Saturday, February 10, 2007

Managing Middle School: Emma-Jean Lazarus Fell Out of a Tree by Lauren Tarshis

In Emma-Jean Lazarus Fell Out of a Tree, we meet a seventh-grade heroine who attempts to deal with the messy emotional morass of middle school with total rationality and detachment. Emma-Jean is a girl doesn't even allow the familiarity of contractions into her conversations with her classmates.

Despite her desire to observe middle school interaction from her solitary lunch table, however, Emma-Jean's basic goodness draws her into the crazy stew of adolescent social scheming when she encounters Colleen Pomerantz boo-hooing massively in the girl's room. Colleen is the exact opposite of Emma-Jean, a kind-hearted girl who takes everything with massive emotionality, and as Emma-Jean plods rationally into an attempt to solve Colleen's problem, she walks right into the swamp of adolescent mores.

Emma-Jean comes to recognize the irrationality and unpredictability of human feelings as her efforts to solve everyone's problems have unforeseen consequences.

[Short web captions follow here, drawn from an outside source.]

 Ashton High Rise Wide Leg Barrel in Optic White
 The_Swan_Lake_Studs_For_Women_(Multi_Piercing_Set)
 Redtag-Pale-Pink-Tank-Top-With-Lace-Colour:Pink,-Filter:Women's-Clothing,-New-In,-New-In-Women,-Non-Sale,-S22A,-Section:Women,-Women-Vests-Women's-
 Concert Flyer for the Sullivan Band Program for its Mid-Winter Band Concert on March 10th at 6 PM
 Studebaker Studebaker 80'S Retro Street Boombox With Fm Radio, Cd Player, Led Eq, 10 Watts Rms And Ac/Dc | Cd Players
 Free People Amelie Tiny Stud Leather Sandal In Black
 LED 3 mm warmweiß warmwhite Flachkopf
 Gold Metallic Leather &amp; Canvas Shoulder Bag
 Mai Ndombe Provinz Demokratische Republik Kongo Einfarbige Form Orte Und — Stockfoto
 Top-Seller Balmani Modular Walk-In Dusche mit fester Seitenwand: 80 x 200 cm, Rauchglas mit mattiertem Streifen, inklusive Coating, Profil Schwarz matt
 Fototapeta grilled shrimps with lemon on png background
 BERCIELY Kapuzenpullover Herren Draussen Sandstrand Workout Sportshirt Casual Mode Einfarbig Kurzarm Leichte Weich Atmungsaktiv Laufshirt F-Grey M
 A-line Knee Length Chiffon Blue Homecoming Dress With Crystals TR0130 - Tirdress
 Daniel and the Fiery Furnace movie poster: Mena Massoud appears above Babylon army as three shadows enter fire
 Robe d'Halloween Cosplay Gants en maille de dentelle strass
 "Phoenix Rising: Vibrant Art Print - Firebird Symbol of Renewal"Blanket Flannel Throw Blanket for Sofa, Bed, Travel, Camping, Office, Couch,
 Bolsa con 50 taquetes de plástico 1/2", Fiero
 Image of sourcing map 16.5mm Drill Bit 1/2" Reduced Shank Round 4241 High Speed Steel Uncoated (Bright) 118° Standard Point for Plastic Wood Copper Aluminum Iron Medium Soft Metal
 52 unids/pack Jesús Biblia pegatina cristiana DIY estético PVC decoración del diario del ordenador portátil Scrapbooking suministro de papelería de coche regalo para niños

The rigid and solitary path through life which she has created to shield herself from grief and pain gives way to the richer struggle to accept human relationships with all of their surprises.

This is a rich, rewarding, funny, and moving story of one girl's transition through the "middle passage" of middle school. With this first novel, Lauren Tarshis hits one out of the ball park!

As I watched Emma-Jean study her classmates with dispassionate objectivity, I couldn't help remembering another heroine who tried a similar protocol, Harriet, in Louise Fitzhugh's 1960's classic, Harriet the Spy. Less good-hearted than Emma-Jean, but just as clinical, Harriet keeps her observations of her classmates safe in a secret notebook, until the day she loses it and her schoolmates discover her critical thoughts about them. Finding a place within life's absurdities without losing oneself therein is a common thread in both novels.

For the pragmatic early adolescent, nonfiction offers some help in making the transition. For late elementary students who need a primer on intermediate and middle school mores, here's a book which my granddaughter found helpful in calming the anxieties of entering that new scene: A Smart Girl's Guide to Starting Middle School, by Julie Williams and Angela Martini. For a book which goes beyond the girl scene and includes boys and (gulp!) some down-to-earth thoughts about sex, see Arlene Erlbach's The Middle School Survival Guide.

If you have a child nearing the "wonder years," (as in "I wonder how I'll survive all this!") any of the books above may help!